By far the most economical way to get goods to Africa is by sea, meaning that the shortest oceanic voyage becomes the preferred partner, by default.
Southern Africa stands out with its impressive intra-continental trade, with 22% of imports coming from within the sub-Saharan African region. This is mainly due to South Africa exporting to its neighbours in Southern Africa, highlighting the potential for intra-African trade as well as the importance of good transport links. Again, the structural difference between South Africa and other sub-Saharan countries is highlighted, but also how this also influences the structure of the economies of South Africa’s neighbours.
North Africa has the overwhelmingly largest exposure to Western Europe, with 41% of imports coming from across the Mediterranean. And, the region’s trade with sub-Saharan Africa is negligible.
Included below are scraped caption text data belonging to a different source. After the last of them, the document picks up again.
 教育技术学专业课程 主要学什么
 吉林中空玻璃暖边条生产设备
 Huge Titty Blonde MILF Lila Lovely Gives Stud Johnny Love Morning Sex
This along with the difference between this region and the rest of Africa, in terms of wealth and distribution in wealth, results in a unique investment environment distinct from sub-Saharan Africa.
We argue that the reason for this interesting differentiation of trade partners between regions is mainly due to the large impact of transport costs on import decisions, as well as cultural preferences due to relationships that have built up over time. Due to most products in Africa being imported from far away, the proximity to the import destination makes a big difference in the selection of trade partners. By far the most economical way to get goods to Africa is by sea, meaning that the shortest oceanic voyage becomes the preferred partner, by default.
There is very little differentiation across regions in terms of the suite of products that the continent is required to import.
A significant portion of imports (28%) is machinery, electronics and vehicles. Of this amount, about a quarter is imported from China, with Germany, Italy, France and the USA combined making up another 27%.
About 18% of Africa’s imports is ironically made up of mineral products, the majority of which are refined fuels. Nigeria’s Dangote refinery, estimated to be completed in 2019, will have a major impact on the quantity of refined fuels imported into Africa from offshore, as the refinery will have sufficient capacity to meet the country’s needs and supply the surrounding region. Ghana has also recently publicised its interest to import petroleum from the Dangote refinery rather than internationally once it comes online. Nigeria currently imports its refined petroleum from Belgium, the Netherlands and France and distributes to its neighbours.
While investor interest is reinforced for high growth-rate regions like Maghreb, East Africa, Ghana and Francophone West Africa, there are low growth-rate concerns for Nigeria, South Africa, Southern Africa (ex SA) and Central Africa.